As used herein, “ Qualifying Owner
” means Manchester Securities Corp., Elliott Management
Corporation, SemGroup, or any Affiliate of any of the
foregoing.
“ Consolidated Adjusted EBITDA
” means, for any period, Consolidated EBITDA; provided
, however , that if, since the beginning of the twelve month
period ending on the date for which Consolidated Adjusted EBITDA is
determined, the Borrower or any Consolidated Restricted Subsidiary
shall have made any Material Acquisition or Disposition (other than
a Disposition of Asphalt Assets), or a Subsidiary shall be
designated or redesignated as either an Unrestricted Subsidiary or
a Restricted Subsidiary, Consolidated Adjusted EBITDA shall be
calculated giving pro forma effect thereto as if such Material
Acquisition or Disposition, consolidation, merger, designation or
redesignation had occurred on the first day of such period. Such
pro forma effect shall be determined (i) in good faith by the
Responsible Officer of General Partner, in its capacity as the sole
general partner of the Borrower, and (ii) without giving
effect to any anticipated or proposed change in operations,
revenues, expenses or other items included in the computation of
Consolidated Adjusted EBITDA except as required by Regulation S-X
or with the consent of Administrative Agent; provided , that
upon one or more permitted Dispositions of the Asphalt Assets in
accordance with Section 7.06(h) of this Agreement, for
purposes of calculating Consolidated Adjusted EBITDA under
Section 7.20 of this Agreement, Consolidated Adjusted EBITDA
shall be calculated giving pro forma effect thereto as if such
Disposition had occurred on the first day of such period, with
Consolidated Adjusted EBITDA being reduced by the actual
Consolidated EBITDA attributable to such Disposition;
provided , further that, upon one or more permitted
Dispositions of the Asphalt Assets in accordance with Section
7.06(h) of this Agreement, for purposes of calculating
Consolidated Adjusted EBITDA under Section 7.16 of this
Agreement, the Administrative Agent (in consultation with the
Lenders) and the Borrower shall determine in good faith appropriate
adjustments to the definition of Consolidated Adjusted EBITDA and
the covenant requirements set forth in Section 7.16 of this
Agreement to preserve the original intent thereof in light of such
Disposition.

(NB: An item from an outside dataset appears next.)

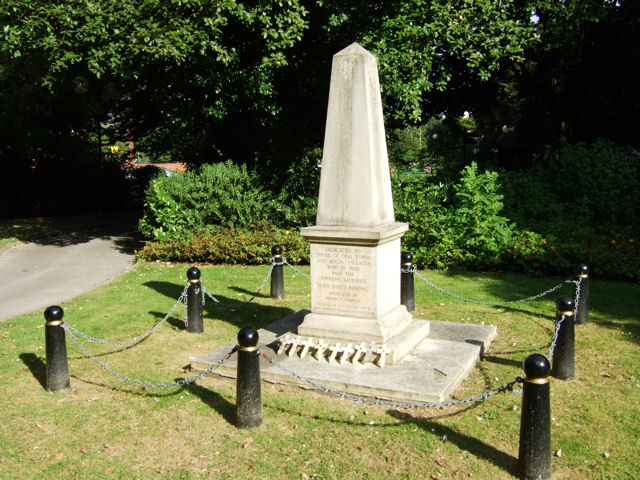 Selby Park, War Memorial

Notwithstanding the foregoing or anything
to the contrary contained herein, Consolidated Adjusted EBITDA
shall not be adjusted to give pro forma effect to any acquisition
of property from SemGroup or its Subsidiaries or any Disposition of
property to SemGroup and its Subsidiaries, in each case if such
acquisition or Disposition was made pursuant to the Master
Settlement Agreement and the transactions contemplated
thereby.
“ Consolidated EBITDA ”
means, for any period, the sum of the Consolidated Net Income of
the Borrower and its Consolidated Restricted Subsidiaries during
such period, plus (a) the following: (i) to the extent
deducted in calculating such Consolidated Net Income, all Interest
Expense for such period, (ii) to the extent deducted in calculating
such Consolidated Net Income, all income taxes (including any
franchise taxes to the extent based upon net income) for such
period, (iii) to the extent deducted in calculating such
Consolidated Net Income, all depreciation, amortization (including
amortization of good will, debt issue costs and amortization under
FAS Rule 123) and other non-cash charges (including any provision
for the reduction in the carrying value of assets recorded in
accordance with GAAP, but excluding any non-cash charges that
constitute an accrual of or reserve for future cash charges) for
such period and (iv) to the extent deducted in calculating such
Consolidated Net Income, all Costs of Restructuring and
minus (b) the following to the extent included in
calculating such Consolidated Net Income, (i) all income tax
credits for such period and (ii) all non-cash items of income
(other than account receivables and similar items arising from the
normal course of business and reflected as income under accrual
methods of accounting consistent with past practices) for such
period. For avoidance of doubt, Consolidated Net Income
attributable to Unrestricted Subsidiaries and Persons that are not
Subsidiaries shall not be considered in calculating Consolidated
EBITDA except to the extent of actual cash distributions to the
Borrower or any of its Consolidated Restricted Subsidiaries by such
Unrestricted Subsidiaries or such other
Persons. Notwithstanding anything to the contrary
contained in this Agreement, the actual cash distributions to the
Borrower or any of its Consolidated Restricted Subsidiaries by (i)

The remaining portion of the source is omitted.